» **Exercise objective**: Each line below should be repeated exactly, but no picture should be carried over.

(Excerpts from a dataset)
>>>

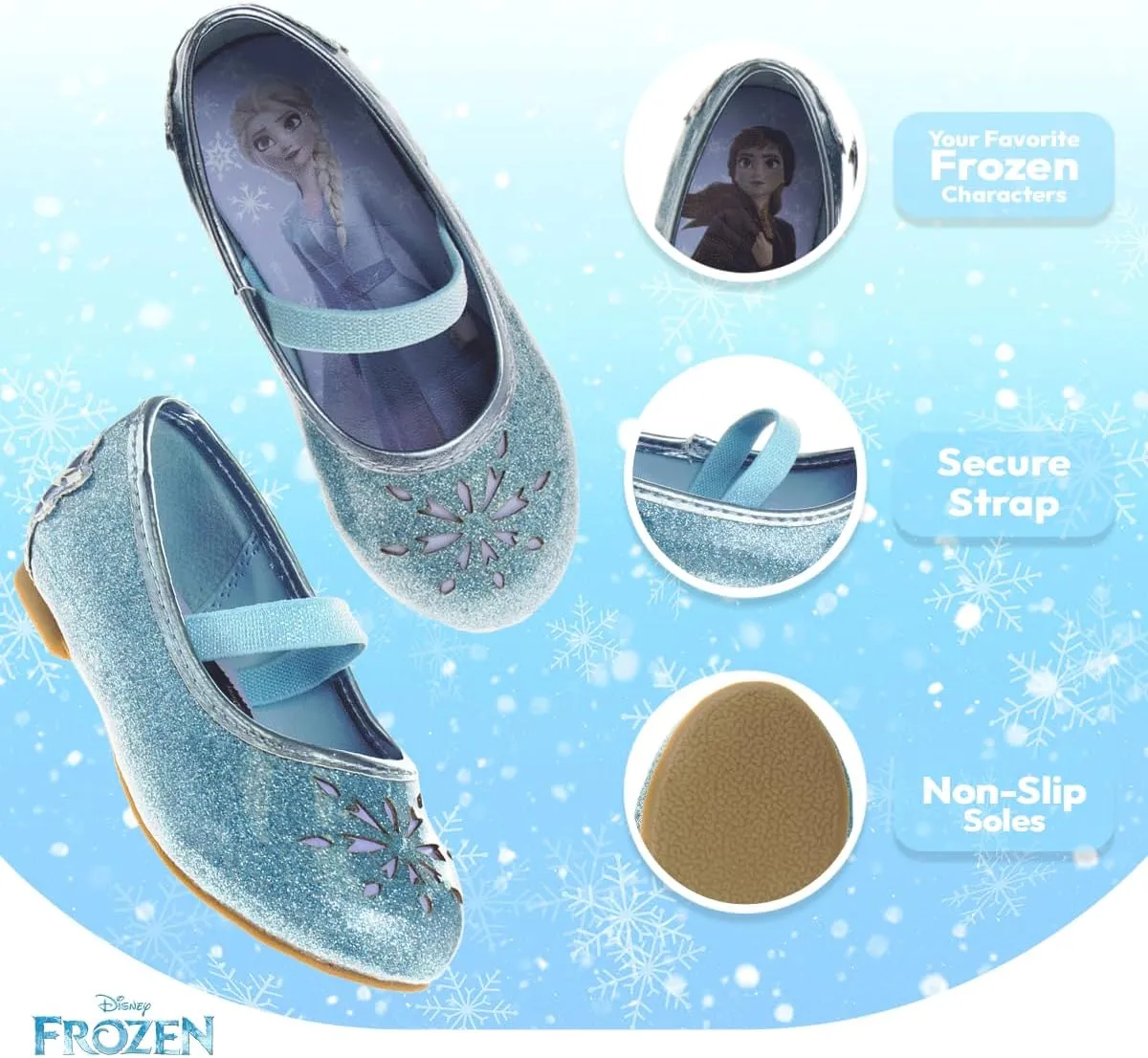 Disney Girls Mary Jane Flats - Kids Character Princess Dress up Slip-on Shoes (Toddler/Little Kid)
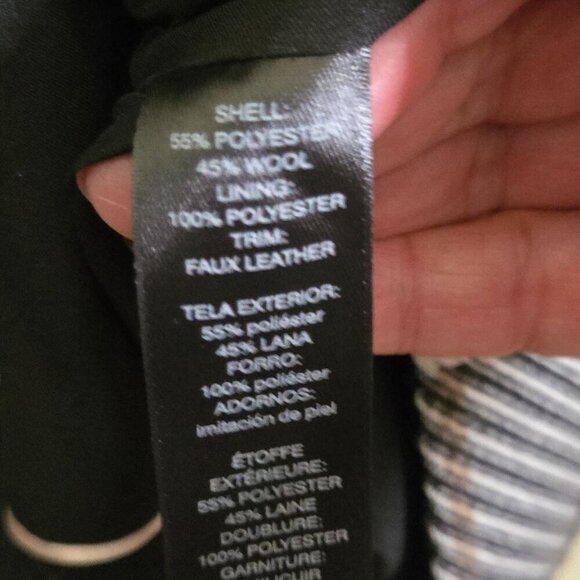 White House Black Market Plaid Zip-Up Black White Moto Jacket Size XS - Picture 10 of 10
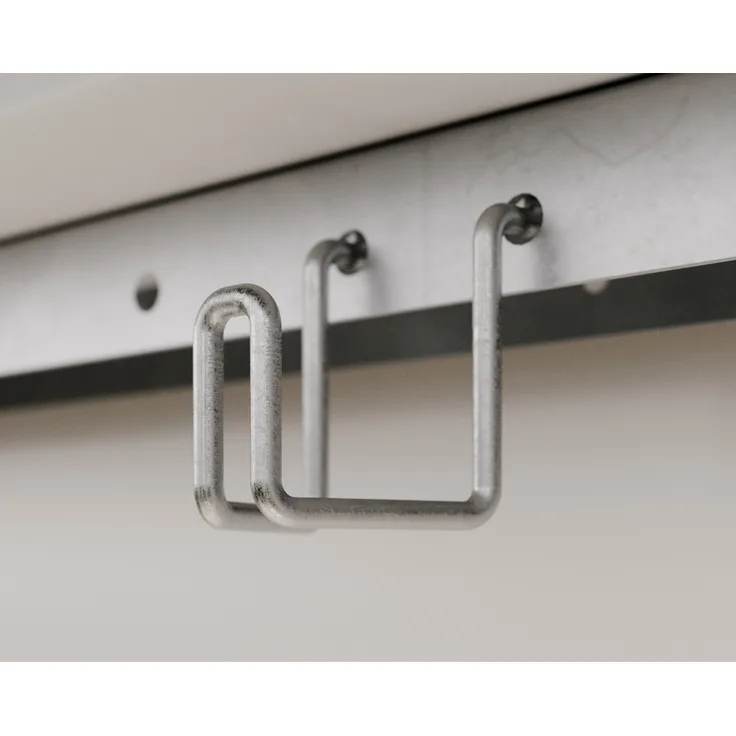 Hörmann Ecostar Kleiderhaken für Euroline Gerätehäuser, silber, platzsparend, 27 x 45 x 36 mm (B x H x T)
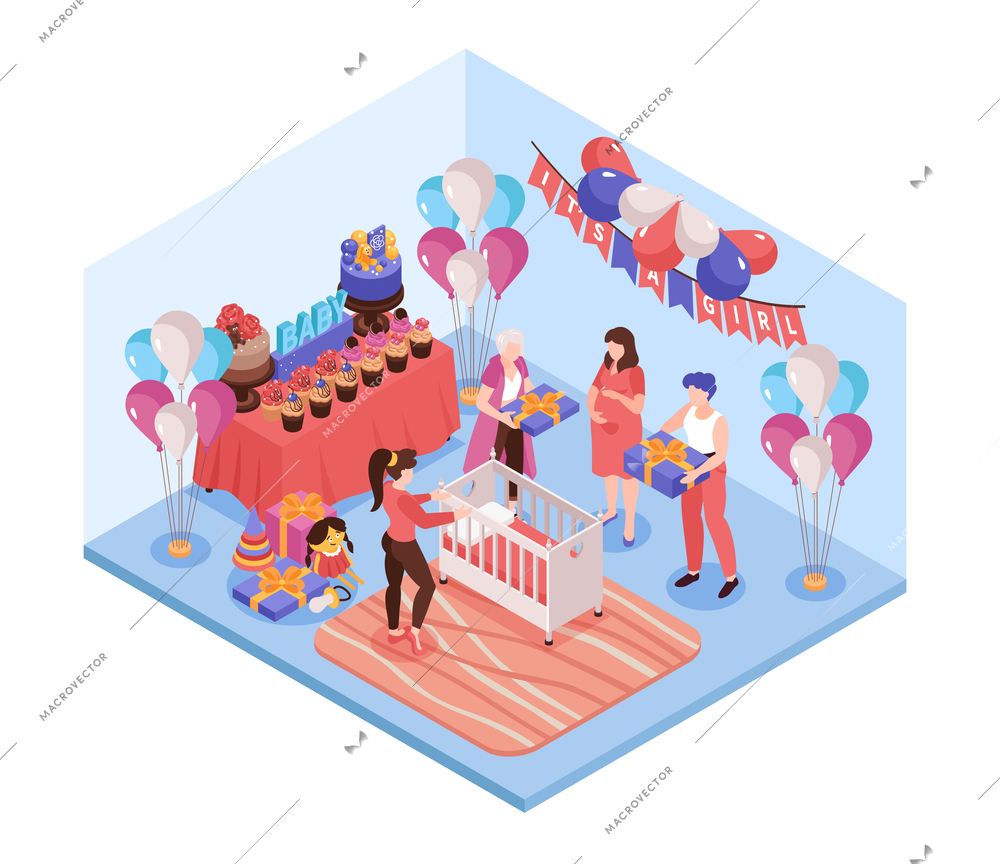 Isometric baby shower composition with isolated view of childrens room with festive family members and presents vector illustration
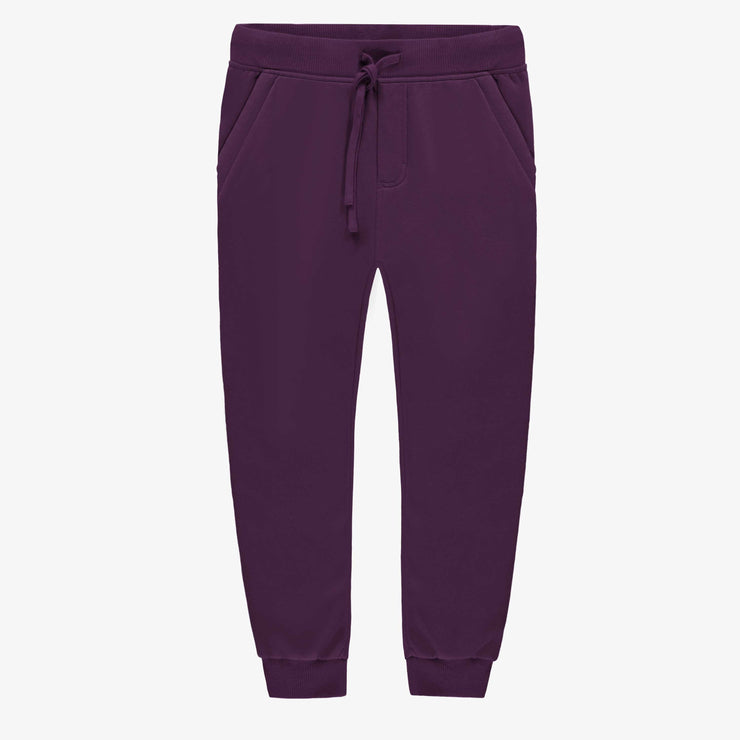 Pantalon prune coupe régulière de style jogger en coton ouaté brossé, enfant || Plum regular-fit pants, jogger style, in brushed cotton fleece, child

<<<

» **Written answer**:
 Disney Girls Mary Jane Flats - Kids Character Princess Dress up Slip-on Shoes (Toddler/Little Kid)
 White House Black Market Plaid Zip-Up Black White Moto Jacket Size XS - Picture 10 of 10
 Hörmann Ecostar Kleiderhaken für Euroline Gerätehäuser, silber, platzsparend, 27 x 45 x 36 mm (B x H x T)
 Isometric baby shower composition with isolated view of childrens room with festive family members and presents vector illustration
 Pantalon prune coupe régulière de style jogger en coton ouaté brossé, enfant || Plum regular-fit pants, jogger style, in brushed cotton fleece, child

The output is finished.